Lebanese watch as a war unfolds on their territory

Updated 7/17/2006 12:19 AM ET

Lebanon’s government stood in disarray Sunday, looking on as Hezbollah intensified both rocket attacks and rhetoric aimed at Israel.
Hezbollah’s Al-Manar Television station aired an address by the group’s leader, Sheik Hassan Nasrallah, who promised to press on with attacks against Israel.

“We are now fighting a battle for the (Islamic) nation,” he said.

Israeli aircraft attacked Al-Manar’s transmission facilities, but the station remained on the air most of the day. It ran martial music and footage of militants launching rockets at Israel.

The Lebanese government ignored Israeli demands that it mobilize its army and rein in Hezbollah.

Lebanon’s top two leaders appeared to disagree on how to proceed. Emile Lahoud, the country’s pro-Syrian president, sounded defiant and vowed that Lebanon would not “surrender” to Israel.

Saturday, an emotional Prime Minister Fuad Saniora appeared on television pledging to suppress guerrilla activity by Hezbollah.

“There’s total agreement among all Lebanese political parties that Israel is an enemy,” said Toufic Al Hindi, a former adviser to the Lebanese Forces, a Christian political party. “But we are deep in a war. (It was) triggered not by Lebanese consensus but by just one of the parties in Lebanon. This is a violation of the constitution.”

The Lebanese government, a fragile patchwork representing the country’s 19 major religious and ethnic groups, agreed to disarm Hezbollah when Israel withdrew its forces from the southern part of the country in 2000.

It hasn’t done so, in part because of lasting memories of the divisions that fueled Lebanon’s 15-year civil war. Any attempt to take Hezbollah’s weapons could split the Lebanese army and start a new civil war.

The government is trying to preserve national unity, Al Hindi said. “The social tissue of Lebanon is very sensitive. … A state must have the monopoly on power. It is not acceptable for it to have armed groups, but for now the Lebanese must stick together.”

Andrew Tabler, a fellow at the Institute of Current World Affairs who writes about the region, said the five-day conflict is the most significant event in Lebanon since the civil war ended in 1990.

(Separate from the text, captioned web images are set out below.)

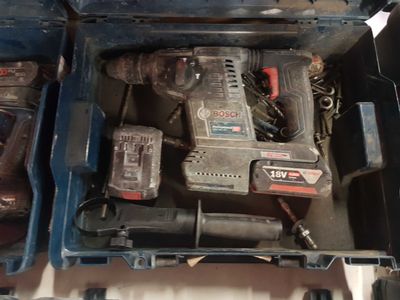 deux outils dans une boîte à outils posée sur une table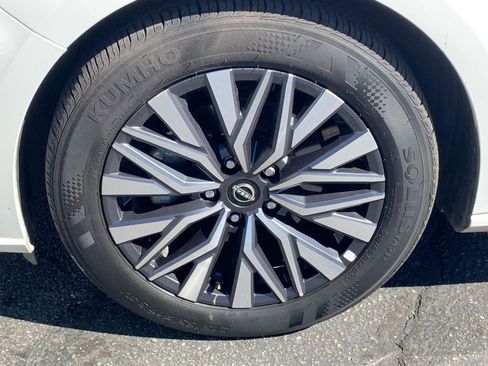 Used 2025 Nissan Altima 2.5 SV image 31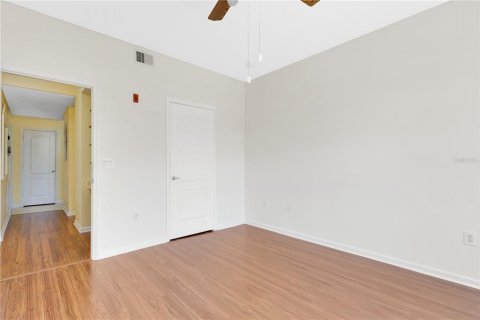 Condo in Orlando, Florida, 3 bedrooms  № 2092497 - photo 23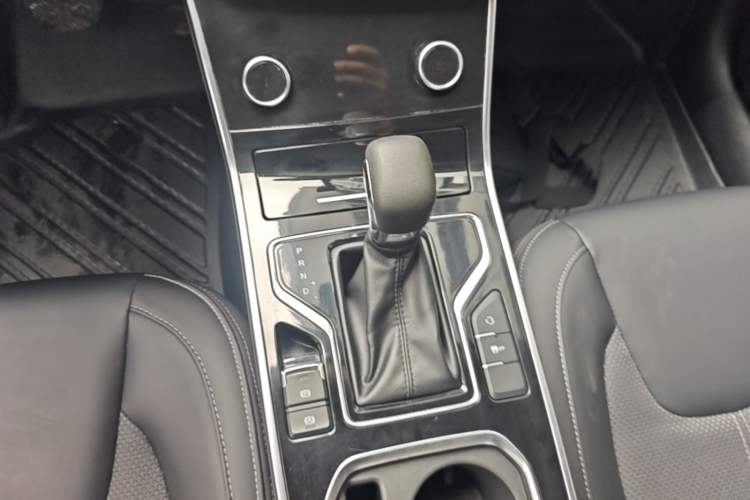 Used Chery Arrizo GX 2018 1.5T CVT Dynamic Color Version China V Standard Gear Lever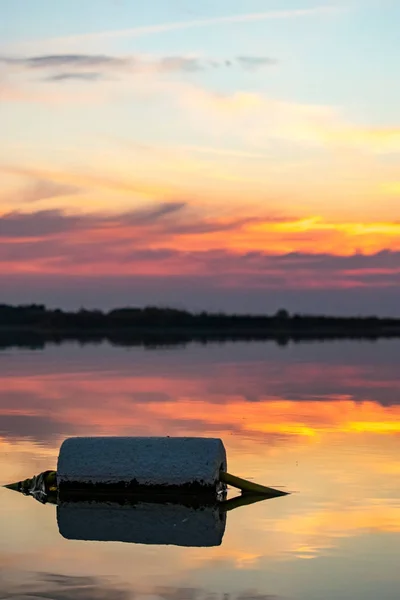 Schöner farbenfroher Sonnenuntergang am See mit Boje — Stockfoto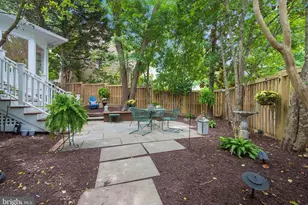 8900 Ellsworth Ct, Silver Spring, MD 20910 - Photo 13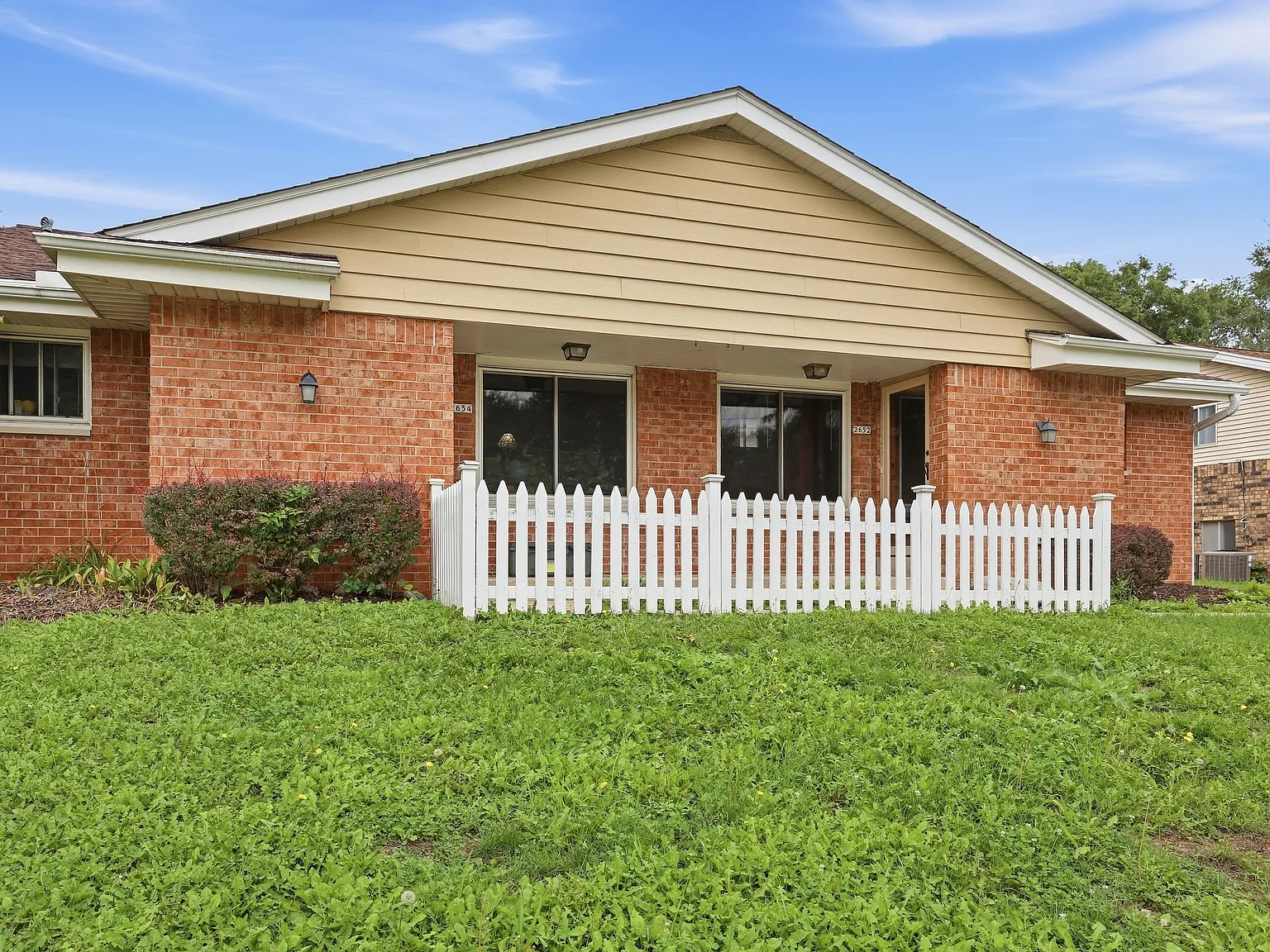 3 bed, 1400 sqft, $2,100 — Photo 1
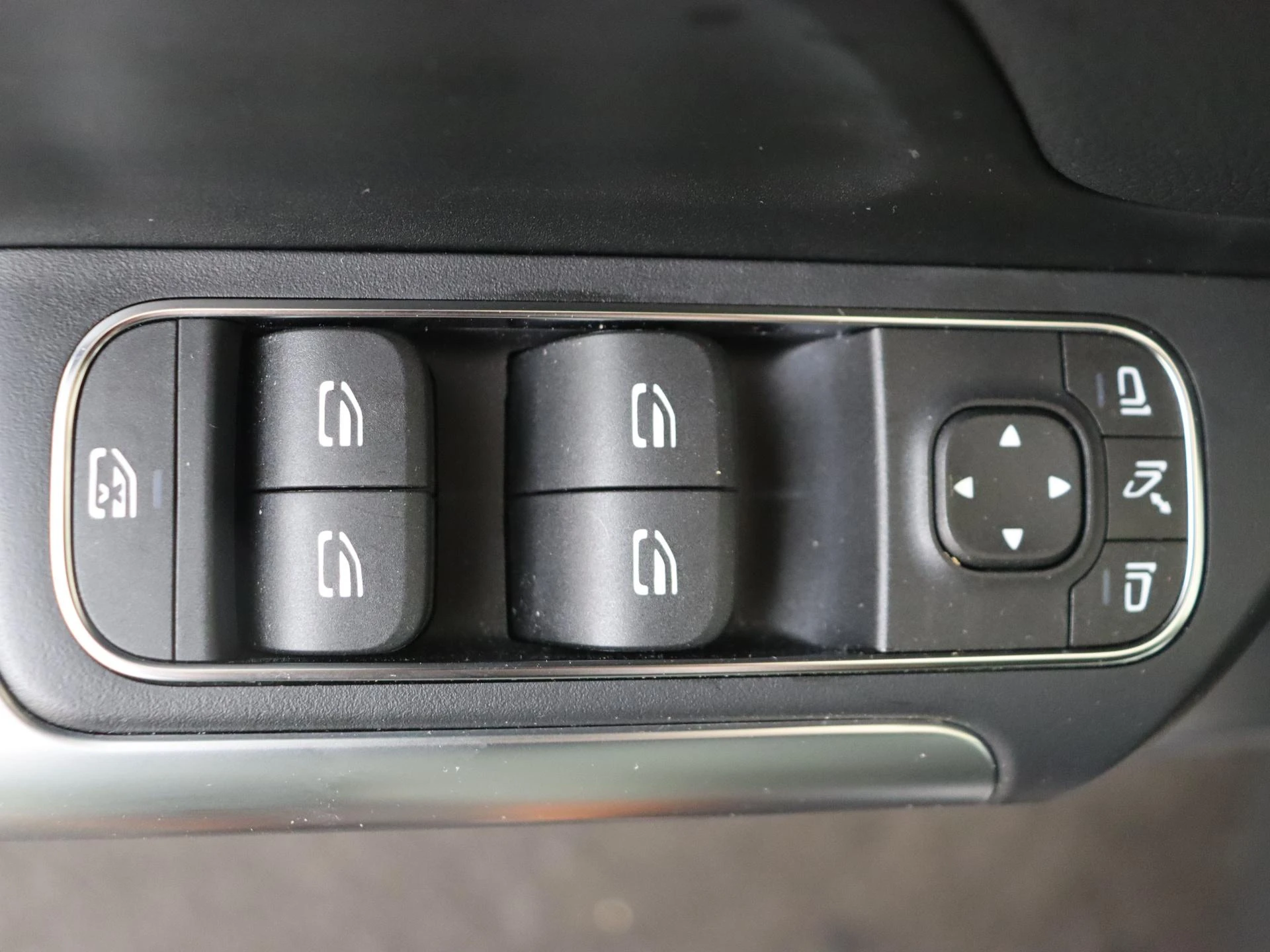 Mercedes-Benz-GLA-image-24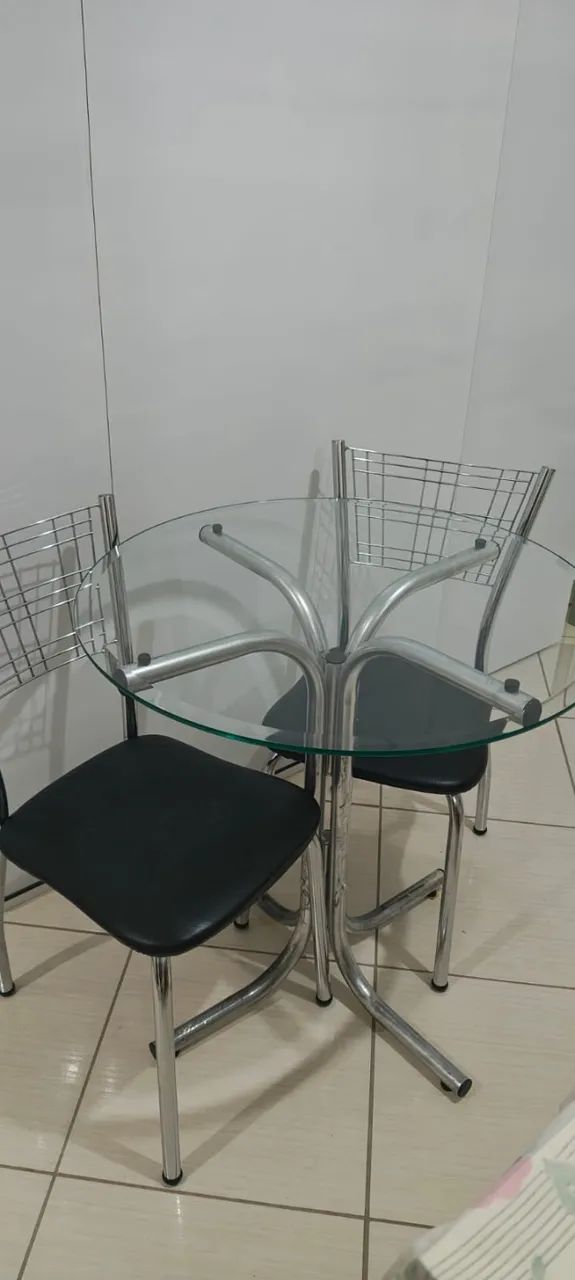Mesa Redonda em Vidro + 2 Cadeiras - Cromada
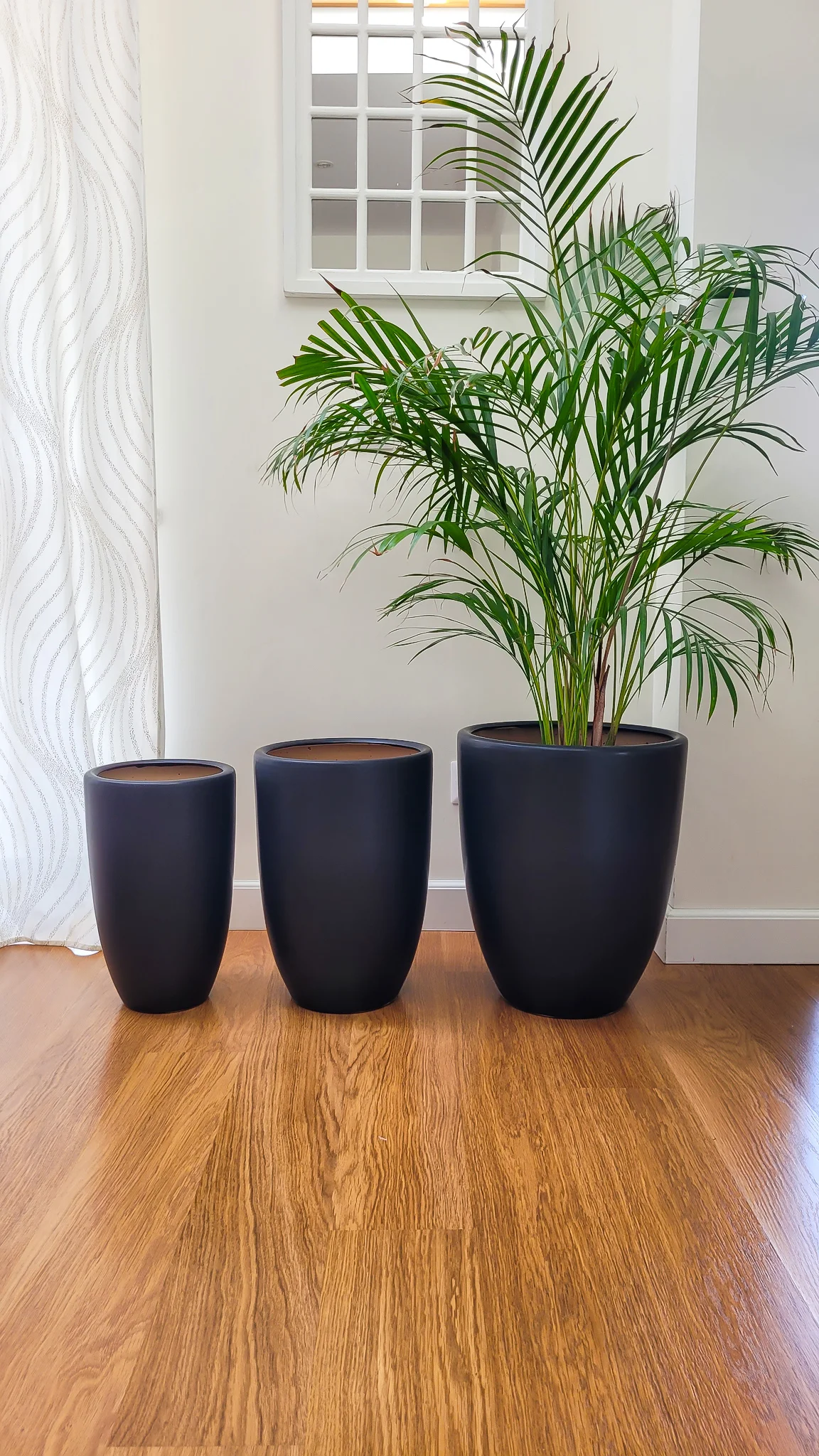 ZESTAW 3 DONIC z ceramiki mrozoodpornej, czarne, stożkowy kształt, elegancki charakter, dostojne ZESTAW 3 DONIC z ceramiki mrozoodpornej, czarne, stożkowy kształt, elegancki charakter, dostojne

“There is the threat of a wider regional war,” he said. “The Israelis are gambling that by putting collective pressure on the Lebanese people, they can get the Lebanese government to deploy its army in the south, which would then remove Hezbollah militia and its rockets from the Israel frontier.”

The risk is that “you can actually drive a people together. They might unite behind Hezbollah,” he said.

In Syria, meanwhile, many people expressed support for Hezbollah on Sunday. Cars in Damascus flew Hezbollah flags, and patriotic songs played on state-run radio and television stations.

Information Minister Mohsen Bilal warned that an Israeli attack against Syria would bring an “unlimited, direct and firm response,” according to SANA, the official Syrian news agency.

Since last year’s assassination of former Lebanese prime minister Rafik Hariri, a harsh critic of Syria’s presence in Lebanon, the United States has led efforts to force Syrian troops and intelligence agents out of that country and reduce Syrian influence there.

The Bush administration’s push for international isolation of Syria after Hariri’s death bolstered popular support for Hezbollah among Syrians, analysts said.

“The Israeli attack on Lebanon over the past few days has moved people in a way that has not been seen in the past 10 or 15 years,” said Marwan Kabalan, professor of political science at Damascus University. “People believe that Hezbollah is the only resistance movement that can retaliate and at least make the Israelis feel the pain that they have been feeling.”

As the fighting has intensified, thousands of tourists, Lebanese and Syrian laborers have poured into Syria through the Masnaa border crossing that links Beirut to Damascus. The Damascus airport remained packed with travelers Sunday. Airlines serving Persian Gulf countries increased the number of flights leaving Damascus.

Ali Osman, 25, a Lebanese citizen who crossed with family members, said he might return to fight Israel. “I am a member of Amal (a Shiite Muslim militia), and if they ask for us, I will not wait a second.”